I just took a quick look. I didn't read the book leading up to the part you referenced. It's quite possible that I'm misinterpreting terms and that's important because the question is all about the terms the author is defining. That said, I think I agree with you that there is a problem of interpretation in the quantitative statement you referenced. But I'm not sure I agree with your conclusion about it.
Just to be clear about my interpretation, I believe the author is stating that there exist four logical states to consider for a full adder that divide down into three important effects on the carry input, from the point of view of the carry output. The resulting three conditions are:
- \$A_j=B_j=0\$. In this case, the carry input (if any) will be ignored and is, in effect, stopped. Since this accounts for one of the four cases it is assigned a probability of \$0.25\$.
- \$A_j\ne B_j\$. In this case, the carry input will be propagated. Since this accounts for two of the four cases it is assigned a probability of \$0.50\$.
- \$A_j=B_j=1\$. In this case, the carry input (if any) is ignored and a new carry generated. Since this accounts for one of the four cases it is assigned a probability of \$0.25\$.
But take notice of the way I've inserted some commentary about each of these. I'll get back to this, shortly.
Now, given those definitions, the author goes on to make the statement: "The probability that a carry generated at position \$i\$ will propagate up to and including position \$j-1\$ and stop at position \$j\$ ([ed:where] \$j > i\$) is \$2^{-\left(j-1-i\right)}\times\frac{1}{2}=2^{-\left(j-i\right)}\$."
How is that supposed to be interpreted, though? What does the phrase "stop at position \$j\$" mean? If you go back and look at the three conditions I lay out above, you will see that there are actually two cases where the carry input is stopped. It is stopped when \$A_j=B_j=0\$ and it is also stopped when \$A_j=B_j=1\$, because either way the carry input doesn't matter and is ignored.
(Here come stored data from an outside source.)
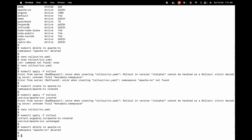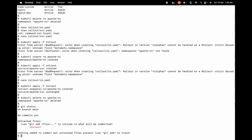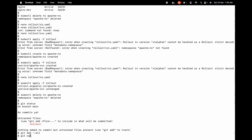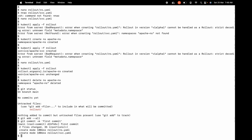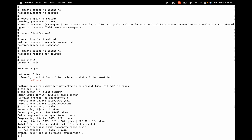We have done certain git changes on our local system, so it's time to commit and push. git status will tell us there was a change in the rollout directory. We can add with git add --all, then commit with a message — git commit -m 'first commit'. Then git push -u origin main. All the changes are pushed.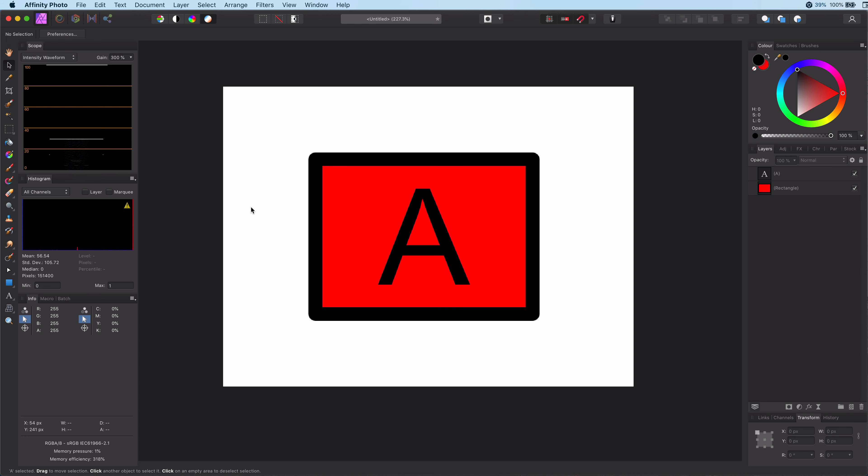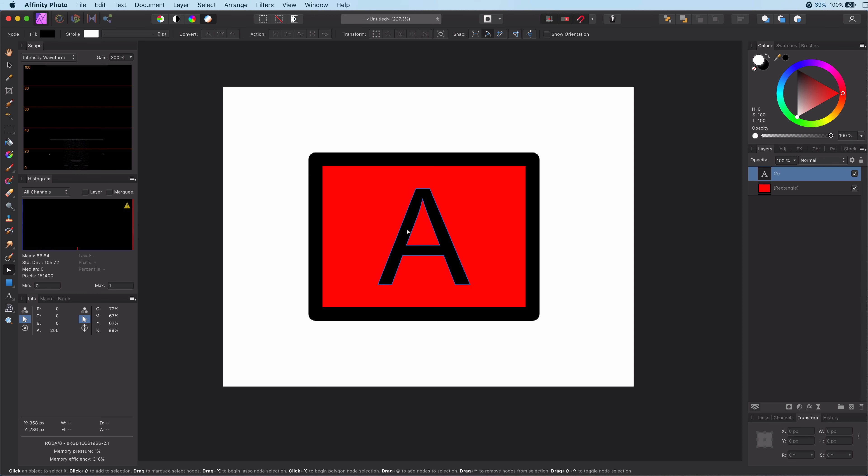In order to get access to the stroke properties, we will need to select the node tool. The toolbar will now show the stroke properties, and with the text layer selected, we can now change the stroke properties.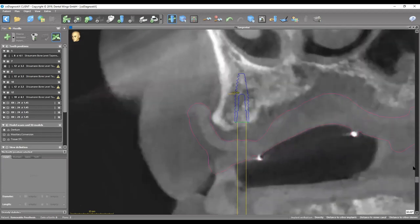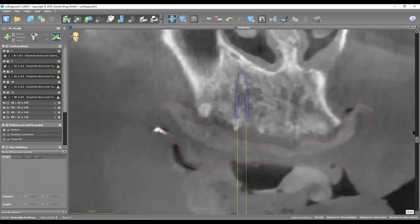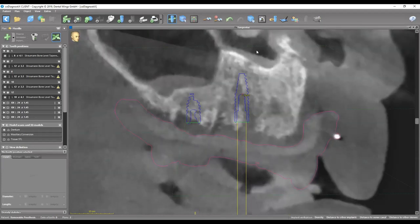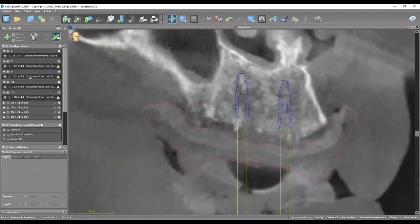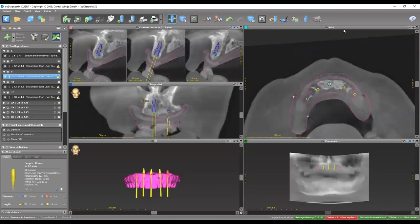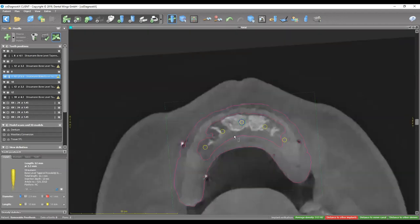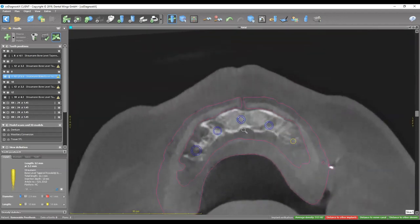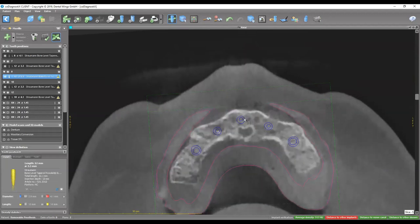Rotating around the implant, making sure it's not close to any vital structures — the nasal cavity is completely away and also away from the medial wall of the sinus. We did add one more implant in the midline and want to show how this looks from the axial view. That implant is in the midline, buccal to the nasopalatine. As long as we're not encroaching on the nerve, it should be okay.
So let's take a look at the simplest case where \$j=i+1\$. (Since the author allows all cases where \$j > i\$, I think this is a valid case.) In this case, the probability of a carry being generated in position \$i\$ is exactly 1, since it is assumed by the author's statement that a carry is, in fact, generated at position \$i\$ by definition. There will be no position \$j-1\$ in this case (or there are zero such positions), so the carry will by definition propagate through all of the zero such positions with a probability of 1, as well. Now we come to position \$j\$. And in this case, an input carry will be stopped at this stage in either (1) or (3) mentioned above, or with probability 0.5. The author's computation says that this should be \$2^{-\left(j-i\right)}=2^{-1}=\frac{1}{2}=0.5\$ and so this matches up ... if you are using one possible interpretation of the idea of stopping the input carry. On the other hand, if you are only focused on the meaning shown in (1) above, then you'd get a different result. But I think this isn't the author's intended meaning. I think the author is quite aware that an input carry will be stopped by either (1) or by (3) and has formulated the equation, accordingly.
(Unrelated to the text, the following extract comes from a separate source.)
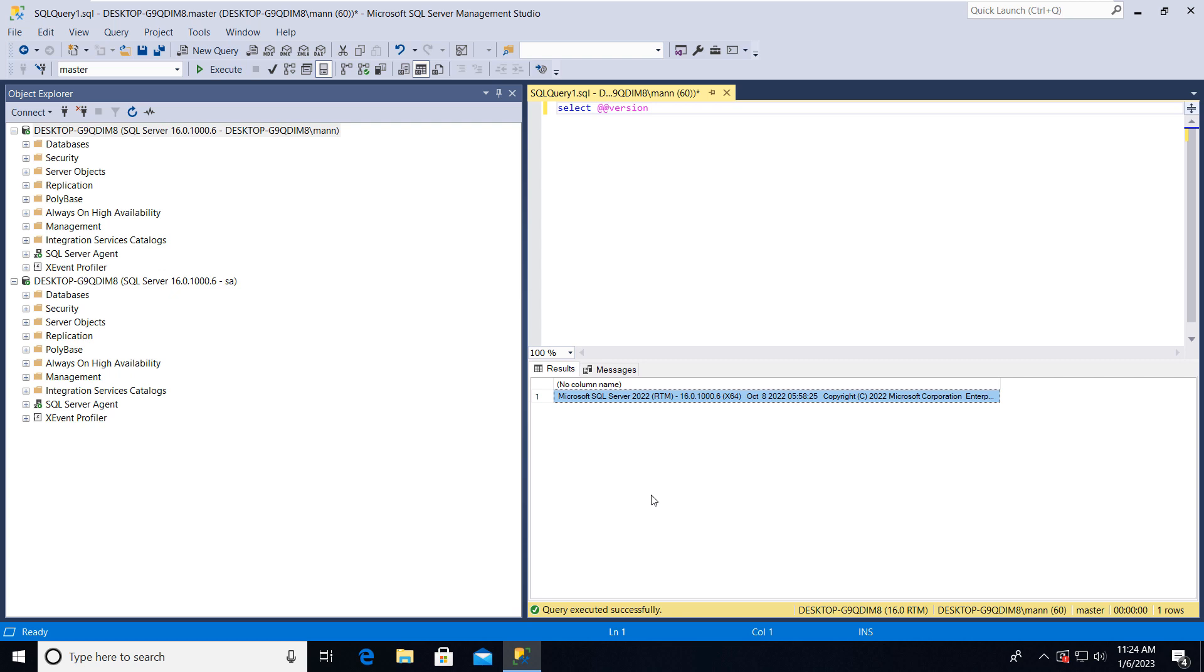Okay friends, so by this way you can install your SQL Server on your Windows 10 or 11. And by installing the SQL Server Management Studio, you can connect to your SQL Server and manage your database. Thanks for watching. Have a great day. Bye bye.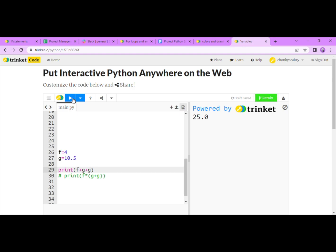Do you notice how the number 25 has a .0 on it? In math, 25 is the same as 25.0. But in the computer language, 25 means that the number is a mix of an integer and an integer, whereas the number 25.0 means that the number is a mix of a float and a float, or an integer and a float, even if the number is even.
So I'm betting, ignorant of further reading that I'm unwilling to do at this time, that you are merely mis-interpreting the author's intended meaning because the listed three cases lead you in that direction. You think only case (1) causes the input carry to be stopped when, in fact, it is both cases (1) and (3) that do so.
EDIT:
Thanks for asking me to formalize things:
- For the case under consideration, the probability of position \$i\$ emitting a carry out (of \$1\$) is exactly \$1\$ by definition, because the case presumes that position \$i\$ is carrying out. Probability here is \$P_i = 1=2^0\$
- The probability of each intervening positions, those which are neither position \$i\$ nor are position \$j\$ but are instead positions \$k\$ where \$i < k < j\$, propagating a carry happen only in (2) and with probability 0.5 for each such position. If \$i\$ represents the position emitting a carry and if \$j\$ represents the final position stopping that carry from propagating, then there are \$n=j-i-1\$ such intervening positions. So the total probability of propagation through all \$n\$ intervening positions will be \$P_{\left({i+1}\right)\,...\,\left({j-1}\right)} = 2^{-n}=2^{-\left(j-i-1\right)}\$.
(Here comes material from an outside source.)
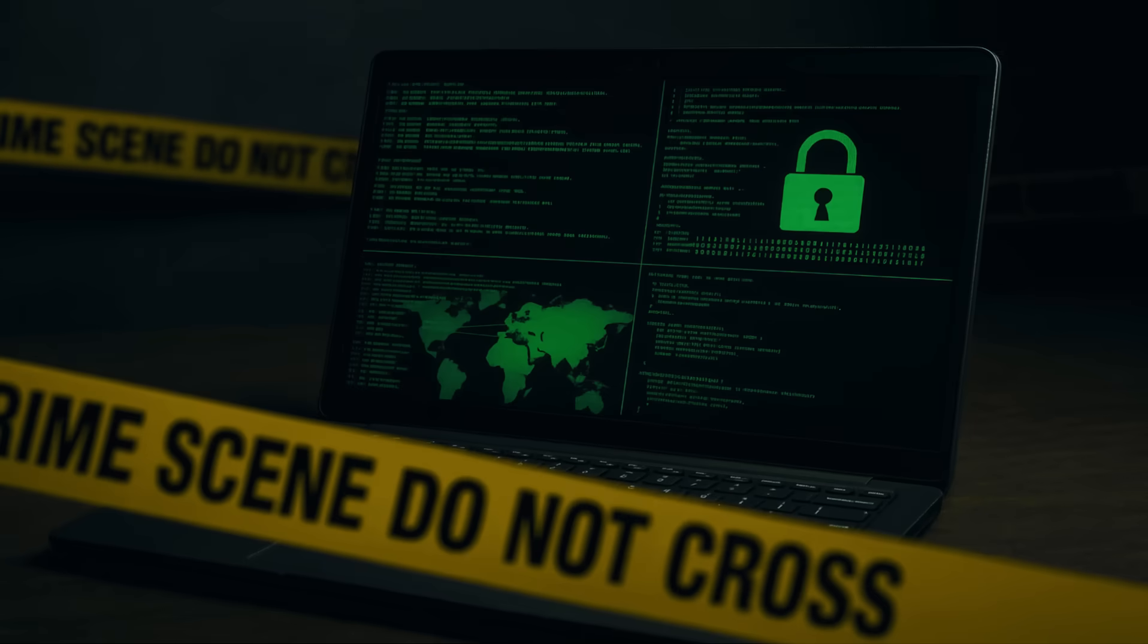What if I told you you could recover deleted files, crack passwords, create legitimate forensic images just like they do in law enforcement, and even trace a digital criminal, all from a single USB?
- The probability of the final position \$j\$ stopping a carry is due to either (1) or (3). So the probability is \$P_j= 0.25 + 0.25 = 0.50 = 2^{-1}\$.
Now, combining all three:
\$P_{total} = \left[P_i\right] \cdot \left[P_{\left({i+1}\right)\,...\,\left({j-1}\right)}\right]\cdot \left[P_j\right] = 2^0 \cdot 2^{-\left(j-i-1\right)} \cdot 2^{-1} = 2^{0-\left(j-i-1\right)-1}=2^{-\left(j-i\right)}\$
So, here I get the same result as the author shows.